## Heat Loss Through a Glass Pane

### Task number: 1277

How much heat is lost within an hour through a pane of glass 4 mm thick and with an area of 2 m2 given that the outdoor temperature is −10 °C and the room temperature is 20 °C?

• #### Hint

What variables does the amount of heat that passes through a pane of glass depend on? Does it depend directly or inversely? The constant of proportionality is called the thermal conductivity coefficient.

• #### Analysis

The heat that passes through the pane of glass per a unit of time is directly proportional to the temperature differences and the surface area of the glass pane, and inversely proportional to the thickness of the glass. The constant of proportionality is the thermal conductivity coefficient.

• #### Numerical values

 d = 4 mm = 4·10−3m the thickness of the glass pane S = 2 m2 the surface area of the glass pane t1 = −10 °C the outdoor temperature t2 = 20 °C the room temperature τ = 3600 s the time, for which we measure how much heat passes through the glass pane Q = ? the heat lost through the glass pane within one hour

From The Handbook of Chemistry and Physics:

 λ = 1,0 W m−1K−1 the thermal conductivity coefficient of glass
• #### Solution

The heat that passes through the glass pane is directly proportional to the surface area S of the pane, the temperature difference Δt and time τ, and inversely proportional to the pane thickness d. The constant of proportionality is the thermal conductivity coefficient λ of the material. Therefore, we can write:

$Q=\frac{\lambda S\tau\mathrm{\Delta}t}{d}=\frac{\lambda S\tau\left(t_2-t_1\right)}{d}\,\mathrm{.}$

Numerical insertion:

$Q=\frac{\lambda S\tau\left(t_2-t_1\right)}{d}=\frac{1.0\cdot{2}\cdot{3600}\left(20+10\right)}{4\cdot{10^{-3}}}\,\mathrm{J}\dot=$ $\dot=54\cdot{10^6}\,\mathrm{J}=54\,\mathrm{MJ}$

The amount of heat that passes through a glass pane within one hour is approximately 54 MJ.

• #### For information

If we had windows made of glass with properties stated in this task, the heat losses would be enormous. The heat losses are nowadays reduced by using various methods, for example doubling the glass. The layer of air between the two panes has much lower value of the thermal conductivity coefficient than the glass itself, hence loosing less heat. The space between two glass panes can also be filled with other gases, such as argon, xenon or krypton; all of them have lower values of thermal conductivity coefficient.

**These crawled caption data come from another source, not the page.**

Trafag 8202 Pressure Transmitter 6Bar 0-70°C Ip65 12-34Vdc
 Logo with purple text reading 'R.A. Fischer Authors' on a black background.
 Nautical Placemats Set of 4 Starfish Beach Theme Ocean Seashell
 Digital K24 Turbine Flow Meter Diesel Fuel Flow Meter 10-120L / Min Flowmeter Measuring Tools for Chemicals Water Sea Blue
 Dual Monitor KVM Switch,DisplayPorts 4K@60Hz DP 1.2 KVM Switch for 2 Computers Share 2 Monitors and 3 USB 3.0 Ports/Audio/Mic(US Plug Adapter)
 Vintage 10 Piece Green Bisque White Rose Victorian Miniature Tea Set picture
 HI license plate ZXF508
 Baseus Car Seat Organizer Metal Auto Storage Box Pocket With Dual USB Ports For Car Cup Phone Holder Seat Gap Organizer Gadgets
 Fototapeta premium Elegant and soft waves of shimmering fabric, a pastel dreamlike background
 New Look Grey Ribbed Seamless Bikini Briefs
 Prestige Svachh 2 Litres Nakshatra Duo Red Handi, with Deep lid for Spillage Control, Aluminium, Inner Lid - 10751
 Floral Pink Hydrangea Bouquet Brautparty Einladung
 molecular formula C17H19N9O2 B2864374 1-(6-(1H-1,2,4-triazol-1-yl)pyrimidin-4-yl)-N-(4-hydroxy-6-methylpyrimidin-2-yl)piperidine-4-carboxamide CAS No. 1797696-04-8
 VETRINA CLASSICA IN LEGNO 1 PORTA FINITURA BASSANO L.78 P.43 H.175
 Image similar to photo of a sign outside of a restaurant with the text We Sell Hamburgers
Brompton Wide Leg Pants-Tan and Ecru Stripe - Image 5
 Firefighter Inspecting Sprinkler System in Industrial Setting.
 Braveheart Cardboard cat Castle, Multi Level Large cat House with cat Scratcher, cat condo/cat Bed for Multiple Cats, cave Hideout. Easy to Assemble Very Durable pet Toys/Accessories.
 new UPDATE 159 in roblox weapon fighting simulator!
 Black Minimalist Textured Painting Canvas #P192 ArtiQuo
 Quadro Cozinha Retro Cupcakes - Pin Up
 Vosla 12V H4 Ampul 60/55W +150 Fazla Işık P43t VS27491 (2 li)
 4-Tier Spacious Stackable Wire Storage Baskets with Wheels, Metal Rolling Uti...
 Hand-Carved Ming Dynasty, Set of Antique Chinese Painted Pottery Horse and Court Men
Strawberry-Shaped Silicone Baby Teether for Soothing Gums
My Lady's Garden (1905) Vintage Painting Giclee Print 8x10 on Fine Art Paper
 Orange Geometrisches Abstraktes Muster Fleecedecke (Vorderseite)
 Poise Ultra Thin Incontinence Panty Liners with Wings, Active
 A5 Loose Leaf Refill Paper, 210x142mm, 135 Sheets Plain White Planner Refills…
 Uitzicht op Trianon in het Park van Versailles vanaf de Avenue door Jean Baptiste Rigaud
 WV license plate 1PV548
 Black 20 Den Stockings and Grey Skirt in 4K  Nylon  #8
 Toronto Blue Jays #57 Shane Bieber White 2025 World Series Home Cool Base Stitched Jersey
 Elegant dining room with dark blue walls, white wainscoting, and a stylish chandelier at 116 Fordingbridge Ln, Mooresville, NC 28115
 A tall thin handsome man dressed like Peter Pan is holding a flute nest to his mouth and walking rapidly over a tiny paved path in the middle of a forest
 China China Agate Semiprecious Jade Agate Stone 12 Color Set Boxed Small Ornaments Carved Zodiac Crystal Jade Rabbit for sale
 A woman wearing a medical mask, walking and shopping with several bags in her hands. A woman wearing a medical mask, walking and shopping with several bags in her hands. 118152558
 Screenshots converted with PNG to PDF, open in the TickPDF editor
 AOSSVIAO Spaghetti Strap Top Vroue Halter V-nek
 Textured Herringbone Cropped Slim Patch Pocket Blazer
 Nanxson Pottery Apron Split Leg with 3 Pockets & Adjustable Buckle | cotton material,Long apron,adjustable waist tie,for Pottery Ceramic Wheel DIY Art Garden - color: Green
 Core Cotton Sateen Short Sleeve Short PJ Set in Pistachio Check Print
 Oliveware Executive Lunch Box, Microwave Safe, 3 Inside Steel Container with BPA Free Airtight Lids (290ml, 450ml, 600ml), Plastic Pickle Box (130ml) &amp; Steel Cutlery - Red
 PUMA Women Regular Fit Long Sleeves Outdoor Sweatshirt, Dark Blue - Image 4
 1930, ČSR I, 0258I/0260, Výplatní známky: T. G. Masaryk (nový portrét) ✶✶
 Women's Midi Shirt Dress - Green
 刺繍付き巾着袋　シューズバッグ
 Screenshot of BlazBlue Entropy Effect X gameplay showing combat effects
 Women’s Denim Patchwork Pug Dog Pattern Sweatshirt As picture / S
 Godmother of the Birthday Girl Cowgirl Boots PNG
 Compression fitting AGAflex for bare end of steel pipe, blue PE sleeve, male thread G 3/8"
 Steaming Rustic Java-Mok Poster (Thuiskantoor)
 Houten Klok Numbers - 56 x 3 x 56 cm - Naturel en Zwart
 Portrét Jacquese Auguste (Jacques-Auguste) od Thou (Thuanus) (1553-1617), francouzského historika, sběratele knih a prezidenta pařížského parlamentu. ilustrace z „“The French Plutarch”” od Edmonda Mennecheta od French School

Another method is using a thin layer of metal coating or bonding a foil to reflect the heat back into the room.

The manufacturers characterize the properties of window panes with the coefficient U0, which indicates, how much heat passes through a window with surface area of 1 m2 at a temperature difference 1 °C per a unit of time. Its unit is therefore Wm−2K−1. We obtain the coefficient U0 by dividing the thermal conductivity coefficient λ by the thickness d of the pane.

For glass from this task we get the value of the coefficient U0:

U0 = 250 W m−2K−1.

The manufacturers of window panes indicate that the value of U0 of certain types of windows is less than 1.15  W m−2K−1, which differs significantly from the value for the glass in our task.